### RECORDS SUPPLIED
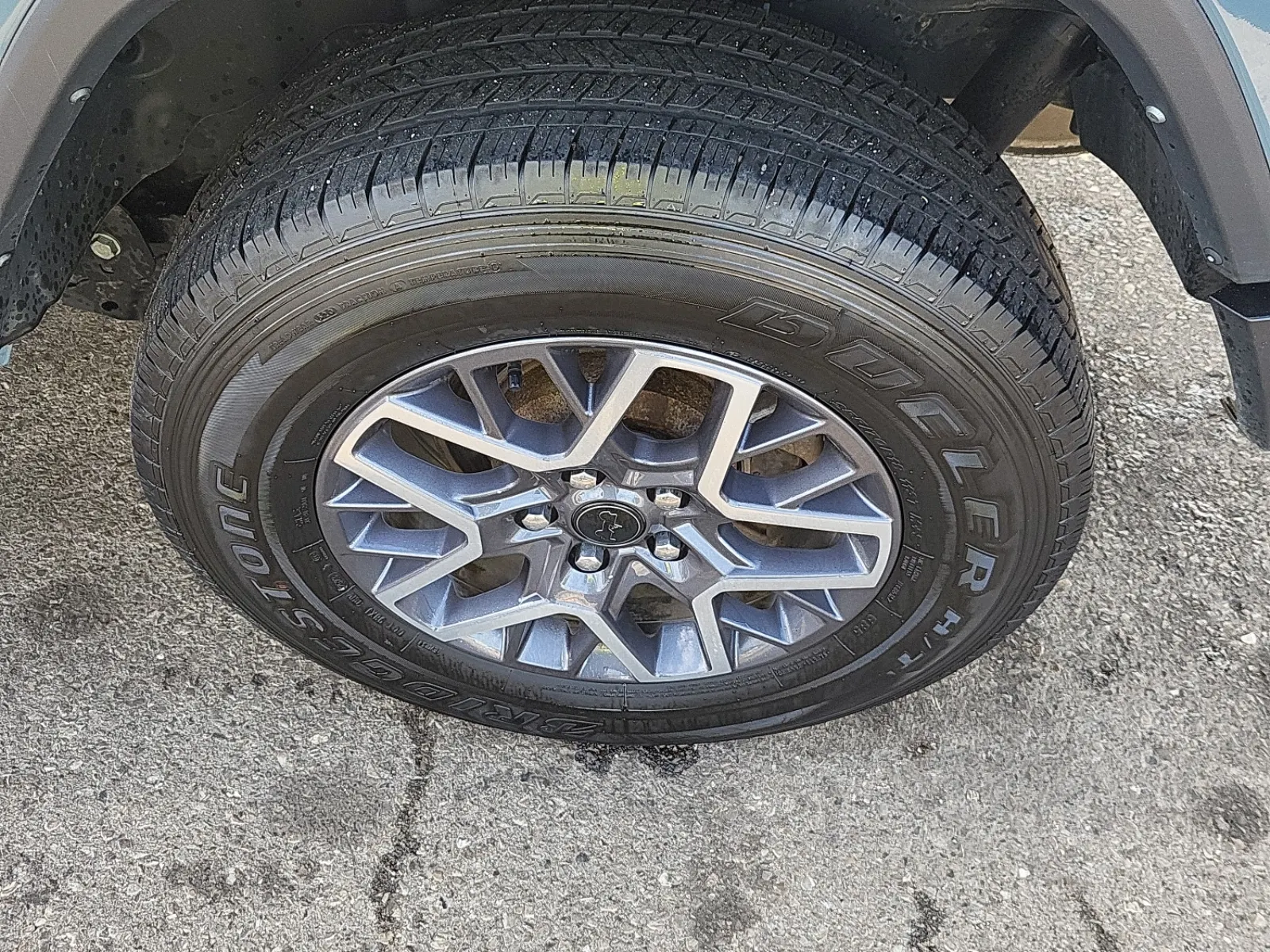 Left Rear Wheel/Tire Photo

---

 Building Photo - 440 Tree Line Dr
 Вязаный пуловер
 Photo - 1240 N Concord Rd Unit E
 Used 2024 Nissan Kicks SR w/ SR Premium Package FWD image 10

### TASK INSTRUCTIONS
Among the entries above, copy exactly only the lines starting with the one containing "Building Photo - 440 Tree Line Dr" and going through the one containing "Used 2024 Nissan", both ends included.

### FINISHED TASK
 Building Photo - 440 Tree Line Dr
 Вязаный пуловер
 Photo - 1240 N Concord Rd Unit E
 Used 2024 Nissan Kicks SR w/ SR Premium Package FWD image 10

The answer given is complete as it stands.